Source data
[Start of section]
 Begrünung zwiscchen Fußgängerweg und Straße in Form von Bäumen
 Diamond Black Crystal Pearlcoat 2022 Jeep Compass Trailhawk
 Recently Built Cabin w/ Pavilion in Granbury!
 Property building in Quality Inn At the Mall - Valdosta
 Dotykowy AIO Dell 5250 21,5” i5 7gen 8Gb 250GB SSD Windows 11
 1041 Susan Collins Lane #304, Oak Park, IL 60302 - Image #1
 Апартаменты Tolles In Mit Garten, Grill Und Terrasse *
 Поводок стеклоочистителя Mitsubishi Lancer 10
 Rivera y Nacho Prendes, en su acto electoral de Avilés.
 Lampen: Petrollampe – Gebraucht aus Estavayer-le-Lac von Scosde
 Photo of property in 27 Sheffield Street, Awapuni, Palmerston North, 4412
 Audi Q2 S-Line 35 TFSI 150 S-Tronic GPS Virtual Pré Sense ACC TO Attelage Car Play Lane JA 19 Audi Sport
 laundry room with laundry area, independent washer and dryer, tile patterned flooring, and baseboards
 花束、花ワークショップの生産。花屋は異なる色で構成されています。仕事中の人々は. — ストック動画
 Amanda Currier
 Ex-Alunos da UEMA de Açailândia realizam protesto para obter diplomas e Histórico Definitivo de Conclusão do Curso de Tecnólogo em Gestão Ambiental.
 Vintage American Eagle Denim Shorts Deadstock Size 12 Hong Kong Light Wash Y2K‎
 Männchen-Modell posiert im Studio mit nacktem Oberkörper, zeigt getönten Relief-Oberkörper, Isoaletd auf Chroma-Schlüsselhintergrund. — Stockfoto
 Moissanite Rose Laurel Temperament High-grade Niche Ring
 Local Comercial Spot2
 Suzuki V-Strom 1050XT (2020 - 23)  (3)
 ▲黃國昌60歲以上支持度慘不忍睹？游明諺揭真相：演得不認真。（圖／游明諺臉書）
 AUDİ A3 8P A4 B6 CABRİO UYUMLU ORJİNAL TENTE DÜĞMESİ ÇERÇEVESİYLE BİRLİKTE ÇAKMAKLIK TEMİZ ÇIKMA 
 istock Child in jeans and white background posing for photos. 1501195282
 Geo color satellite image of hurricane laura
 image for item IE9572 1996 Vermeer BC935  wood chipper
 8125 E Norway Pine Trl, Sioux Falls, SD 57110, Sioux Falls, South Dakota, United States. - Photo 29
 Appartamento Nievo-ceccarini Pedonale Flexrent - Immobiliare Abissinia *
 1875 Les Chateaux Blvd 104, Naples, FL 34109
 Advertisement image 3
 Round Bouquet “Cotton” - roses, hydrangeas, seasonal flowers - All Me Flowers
[End of section]
• _AIM OF THE EXERCISE_
In your reply, restate exactly the lines from the start of the records above through the line holding "1041 Susan Collins", including both, and nothing else.

• _ANSWER TO THIS EXERCISE_
 Begrünung zwiscchen Fußgängerweg und Straße in Form von Bäumen
 Diamond Black Crystal Pearlcoat 2022 Jeep Compass Trailhawk
 Recently Built Cabin w/ Pavilion in Granbury!
 Property building in Quality Inn At the Mall - Valdosta
 Dotykowy AIO Dell 5250 21,5” i5 7gen 8Gb 250GB SSD Windows 11
 1041 Susan Collins Lane #304, Oak Park, IL 60302 - Image #1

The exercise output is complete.